→ **WHAT YOU HAVE TO DO**:
Type out each record word for word. Pictures stay out.

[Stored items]
________________________________________

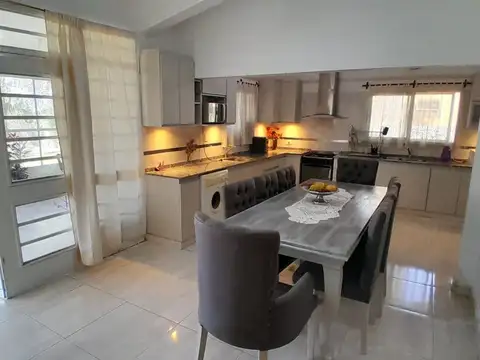 Casa 5 ambientes con 2 baños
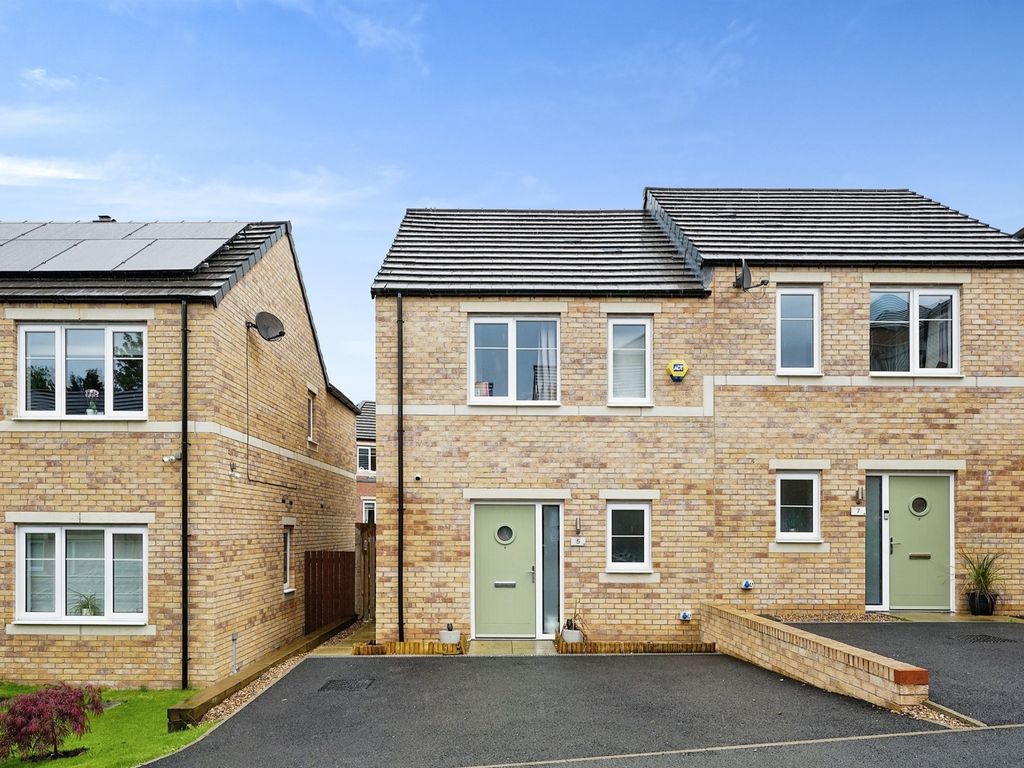 2 bed semidetached house for sale in Church Close, Apperley Bridge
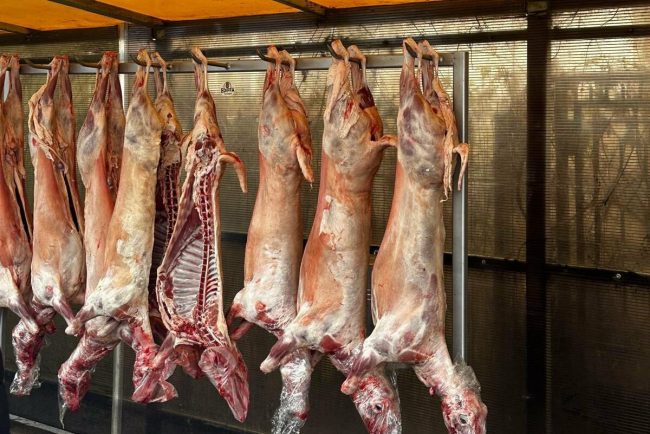 ANPC a aplicat amenzi de peste 63 milioane de lei comerciantilor de carne de miel si restauratelor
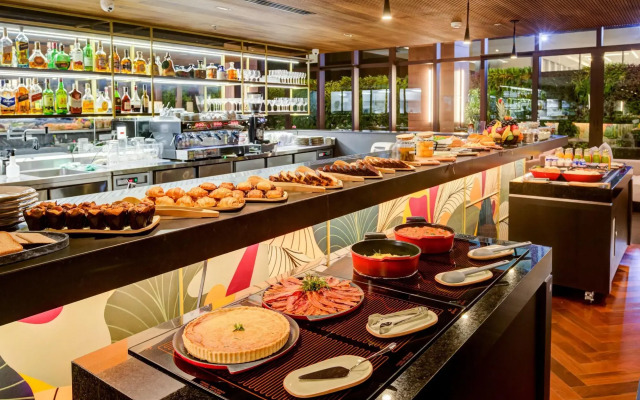 Qoya Hotel Sao Paulo Curio Collection By Hilton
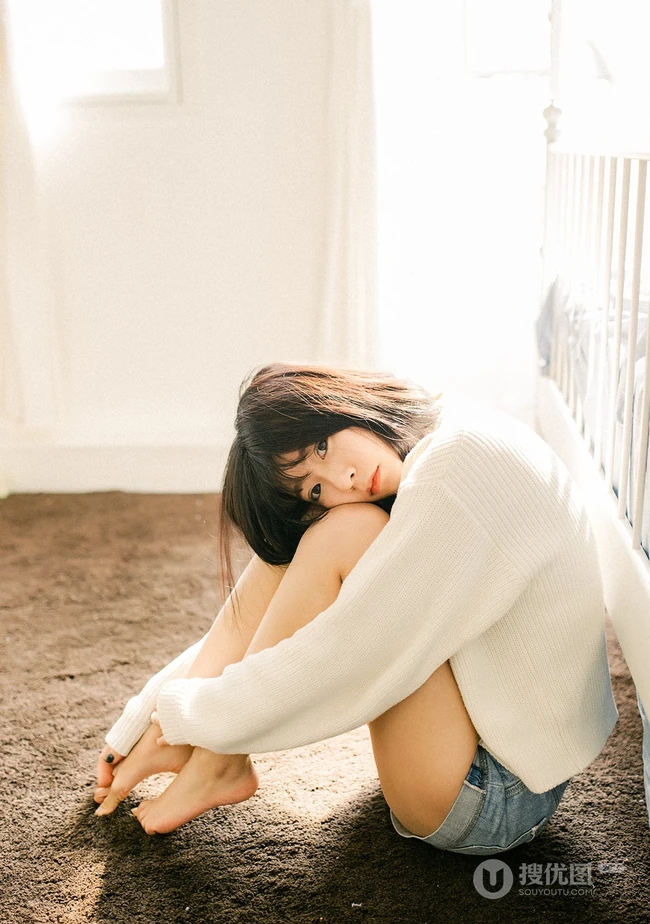 可爱短发可爱女生冬日暖阳居家牛仔短裤写真大图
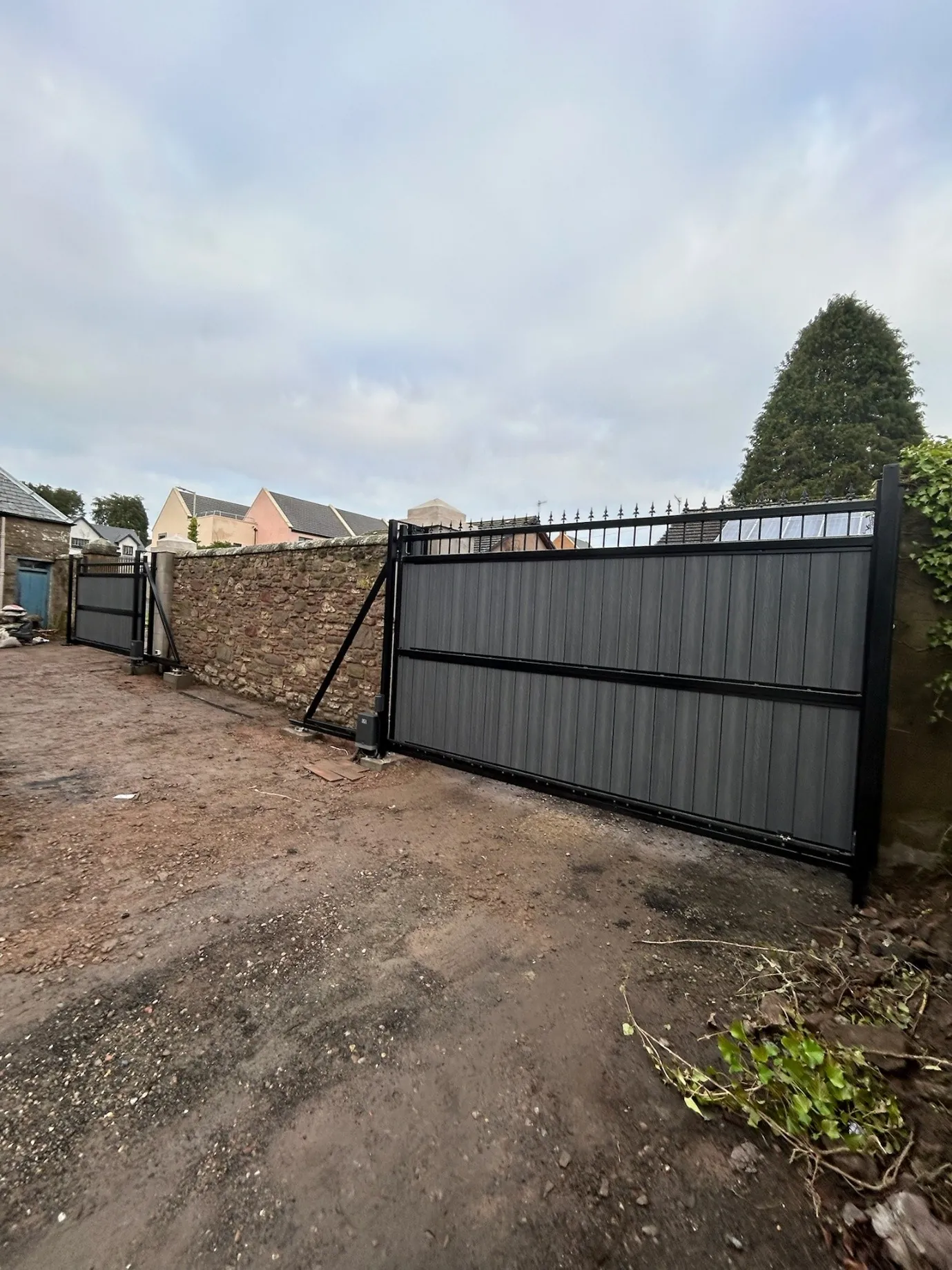 Cantilever Sliders (Inside) - Cantilever sliding gate by KLR Design in Scone, PH2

________________________________________

→ **RESULT OF THE EXERCISE**:
 Casa 5 ambientes con 2 baños
 2 bed semidetached house for sale in Church Close, Apperley Bridge
 ANPC a aplicat amenzi de peste 63 milioane de lei comerciantilor de carne de miel si restauratelor
 Qoya Hotel Sao Paulo Curio Collection By Hilton
 可爱短发可爱女生冬日暖阳居家牛仔短裤写真大图
 Cantilever Sliders (Inside) - Cantilever sliding gate by KLR Design in Scone, PH2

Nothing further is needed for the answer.